Senator Fitzgerald should read the amendments.

The ethos encapsulated in these amendments should not belong in a civilised and tolerant society that promotes equality.

A Christian society.

To my colleagues who tabled these amendments I say, "You just don't get it." If a reinforcing argument was needed for passing this legislation today, it is found in these two amendments. I have just re-read section 7 of the Equal Status Act which has similar wording, as Senator Mullen noted. Doing so brought back the sick feeling I had in my stomach when that legislation went through.

Did the Senator oppose the current——

No interruptions, please. Members have had an opportunity to speak.

I saw the law being abused for the past ten years to threaten, frighten and control people, especially teachers who had not come out in regard to their sexual orientation. I have seen this repeatedly and have met teachers and groups who outlined chapter and verse to me but would not allow me to become involved or do anything. One walks away angry, biting keen to do something but afraid to because that would expose or further threaten those people. On occasion, Senator Norris attended some of those meetings with me. I felt inadequate as a public representative.

The idea that people celebrating their relationship cannot go and buy a box of burgers or whatever they want for a barbecue is appalling. It is only one step from not being allowed breathe the air or come into a room. It is appalling, distasteful and offensive.

I ask my colleagues, having listened to the debate, to withdraw the amendments and not put this issue to a vote. It undermines all the arguments made. One cannot support those two amendments and at the same time claim to support the rights of people who, in different ways, are the subject of this Bill. It does not add up. Both notions do not come together. It also proves another point which I have been making since 1977. Before one can change habits and attitudes one must change legislation. The Employment Equality Act 1977 did more to change attitudes than any other factor. No attitudes were changed until that came about.

This is crucial. If this measure were applied to any other group in society, whether Travellers or anyone else, people would be appalled. It is desperate. As to ethos, I have appealed 24,000 times for someone to define that word. We finished up in primary schools with 3,000 different applications — perhaps I should call them ethoi — but there is no definition in the Education Act, the Equal Status Act or the amendment to the Employment Equality Act. Ethos means whatever people wish it to mean. It isAlice in Wonderland stuff, it is what I say it means. If one uses words such as “undermining” or “maintaining” or “essential to the ethos”, one winds up in court and is told that something quite other is the ethos as seen by another person. Ethos can be anything and there are no restrictions on it. This is open sesame to discriminate. It is worse than anything in the Equal Status Act. Once again, it is proposed to give licence to people to run through the legislation. I appeal to my colleagues who tabled these extraordinarily distasteful, offensive and embarrassing amendments to withdraw them.

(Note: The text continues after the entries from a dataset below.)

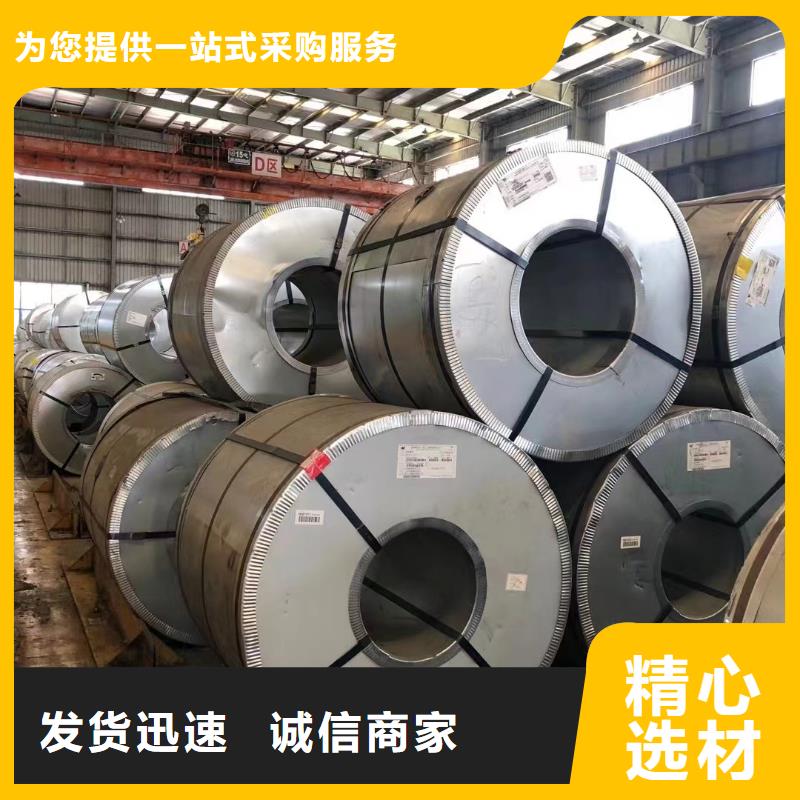 硅钢矽钢B27AHV1400M现货销售全国广州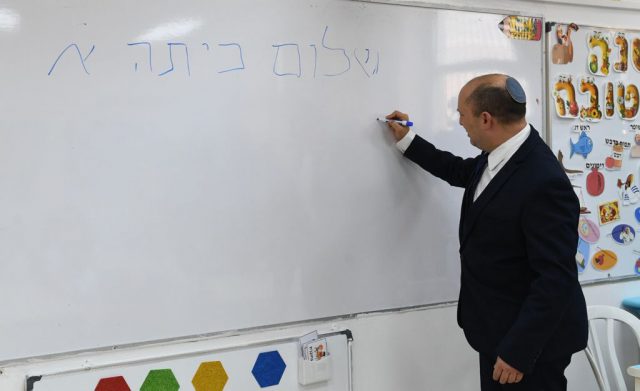 בנט בירוחם: תכלה שנה ומסכיה, תחל שנה וחוויותיה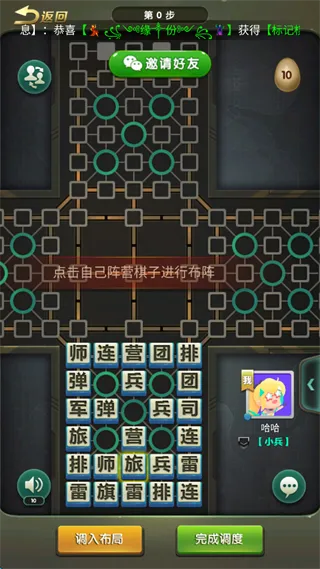 新手入门指南:5步开启你的第一局军旗之战 新手入门指南:5步开启你的第一局军旗之战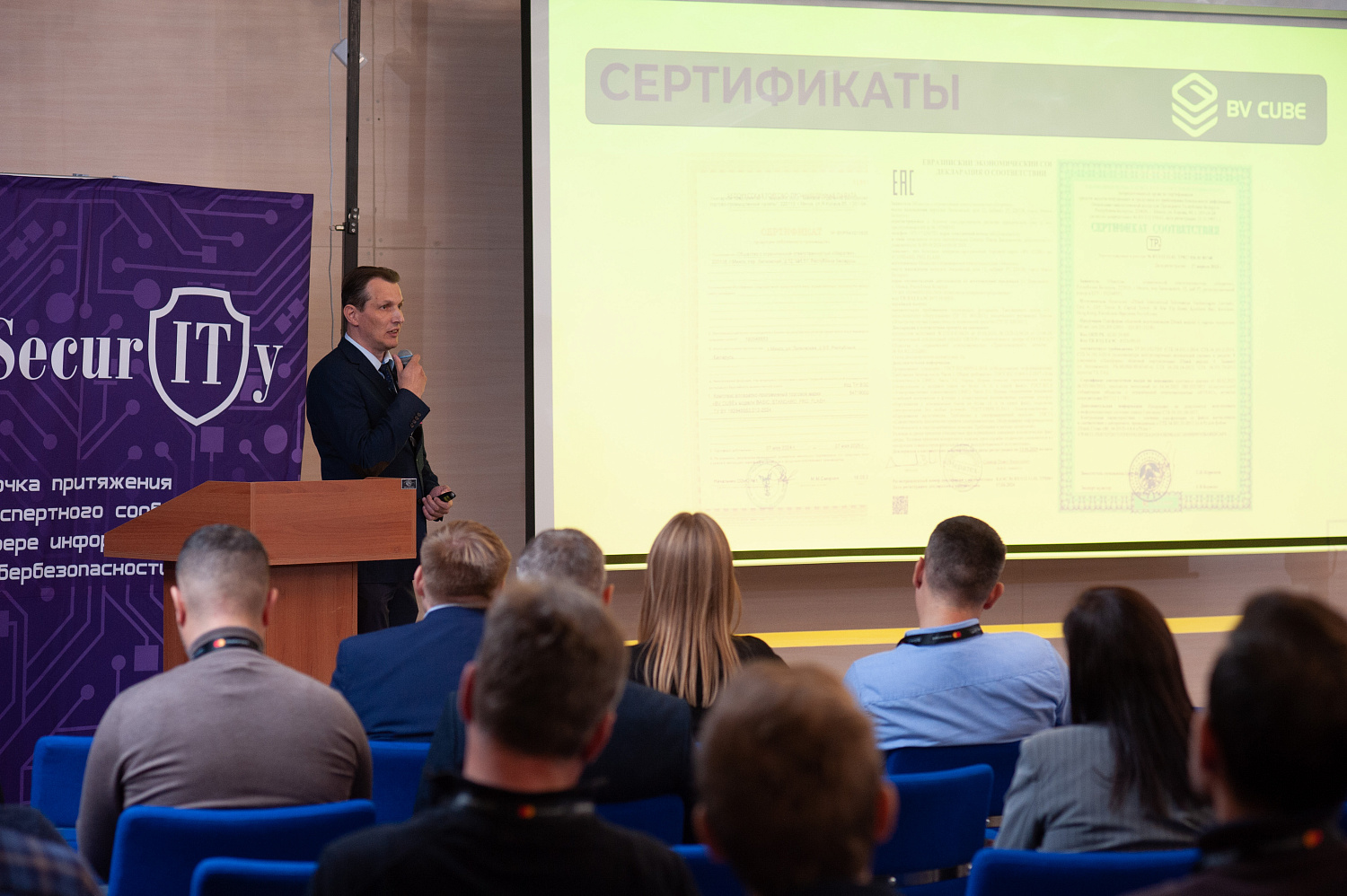 Итоги участия MERATECH в форуме БанкИТ-2024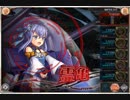 【神姫PROJECT】ギルドオーダー　霊亀 2018/07/26～2018/08/09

I am very much on Senator O'Toole's side with regard to this. I am very disappointed in these amendments. I remember walking through the countryside as a young man——

We are discussing the amendments.

This relates to them and is important. I remember walking through the countryside and coming across——

There is very little about walking through the countryside in this.

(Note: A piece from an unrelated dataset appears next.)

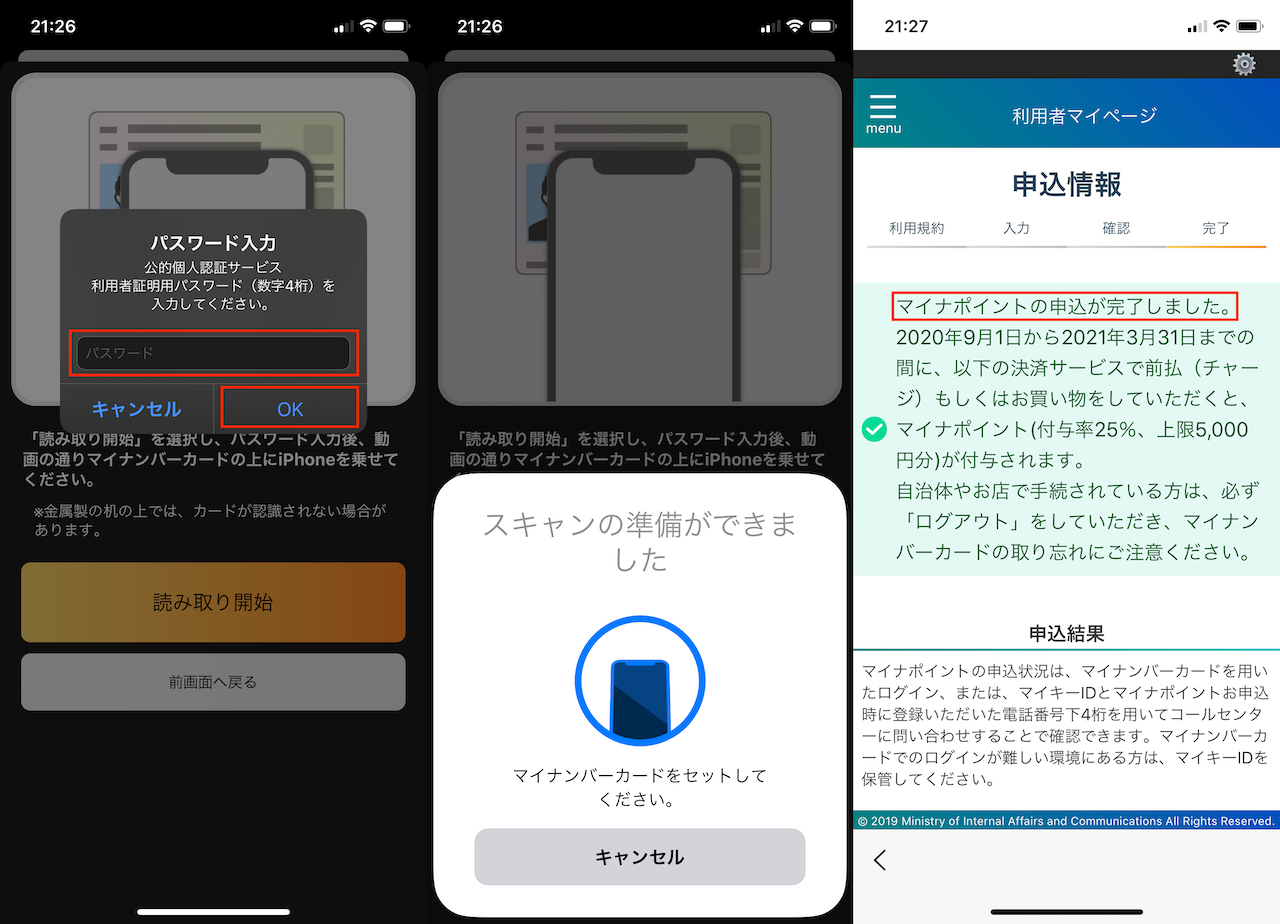 ITコンシェルジュ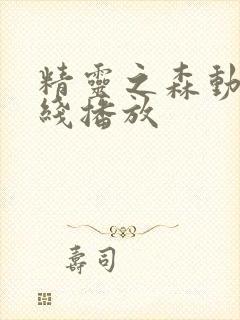 精灵之森动漫在线播放封面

——a mass rock. That was a place where at one time in this country people had to go to celebrate mass, compelled to hide away from society to do so. In regard to the present discussion, where will people celebrate civil partnerships? In what places will homosexual couples get together under this legislation? These two amendments attempt to ensure there will be nowhere where people in a loving civil partnership can get together. That is appalling.

That is not true.

It is atrocious, especially in the light of what was the case at one time in this country. There was discrimination against Catholic people in regard to the celebration of masses.

That was equally appalling. I hope these amendments are not pressed because I am appalled by them.

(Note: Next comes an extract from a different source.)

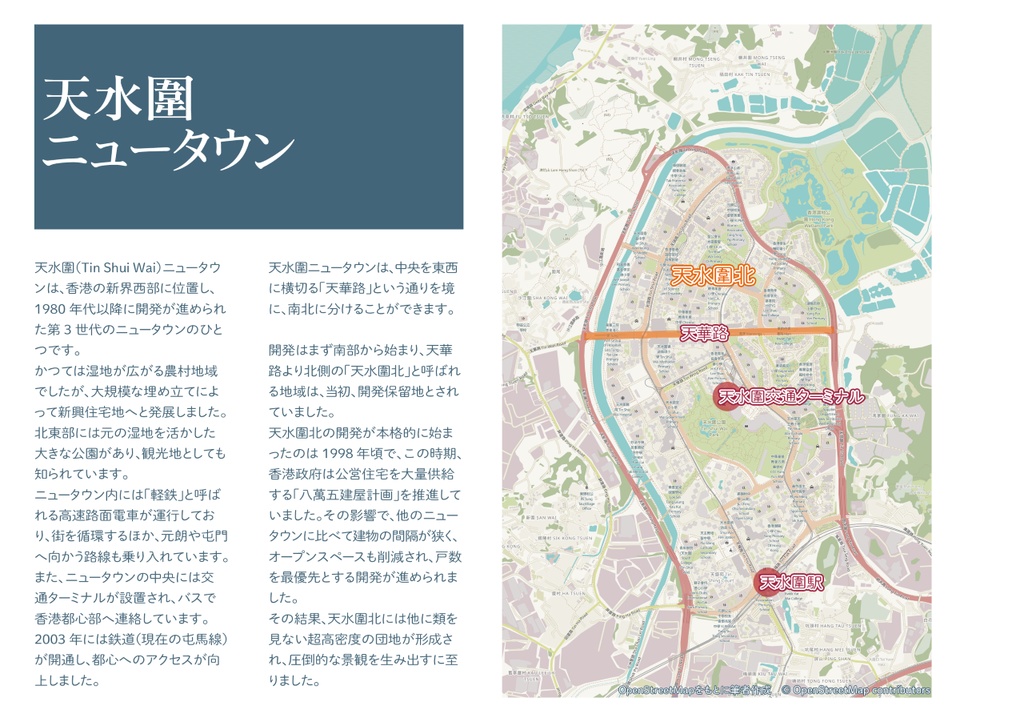 香港団地散歩3 摩天楼・天水圍北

Senator Mullen accused the Seanad of a lack of refined thinking. These amendments show lack of progressive thinking, in particular amendment No. 3 which is blatantly discriminatory thinking at best. I appeal to the Senator not to press it. There are some brilliant examples in the history of this country, instances in many areas, at many times, where minorities have been trodden upon. Why would anyone want to introduce a measure that would give a green light to people to discriminate against a minority of people?

We are here today to try to right that wrong and bring our society forward. If Senator does not mind me saying it, he is a disgrace.

I do not like that language to be directed at anyone.

I will stick to the amendment. I remind Senator Mullen that since 2000, it has been against the law——

The Senator might care to listen. He has not listened to me all day.

Discussion is through the Chair and on the amendments.

We are dealing with amendments on Report Stage.

How one learns is important.

Please. I shall call the Minister to speak.

I remind those Members who tabled these amendments today that since 2000 it is against the law to discriminate in the provision of goods and services based on nine grounds, namely, gender, age, race, nationality, sexuality, marital status and membership of the Travelling community. I understand the beliefs of those who tabled the amendments although I do not agree with them. If we were to accept this amendment, it would maintain discrimination. As Senators Ó Brolcháin, McDonald and others have noted, it would send people further underground.

It would be legislative discrimination.

It would make discrimination legal. I fail to see Senator Mullen's point about the amendment achieving common good. How would it achieve the common good? What is the common good? What does he understand by common good according to this amendment? To me, as a Christian, a Catholic and a legislator, this is not about common good or maintaining the rights of people. This is erosion and the taking away of rights. This is not about the common good but about putting forward a proposition to play to the Senator's electoral gallery. Let us get real. I do not say that about some of the Members opposite.

Senator, please. My hands will be tied at 6 p.m. and I would like the Minister——

I never used anything but reasoned arguments. The Senator should withdraw that remark.

The Senator is accusing me of being a political cynic. He should be ashamed of himself.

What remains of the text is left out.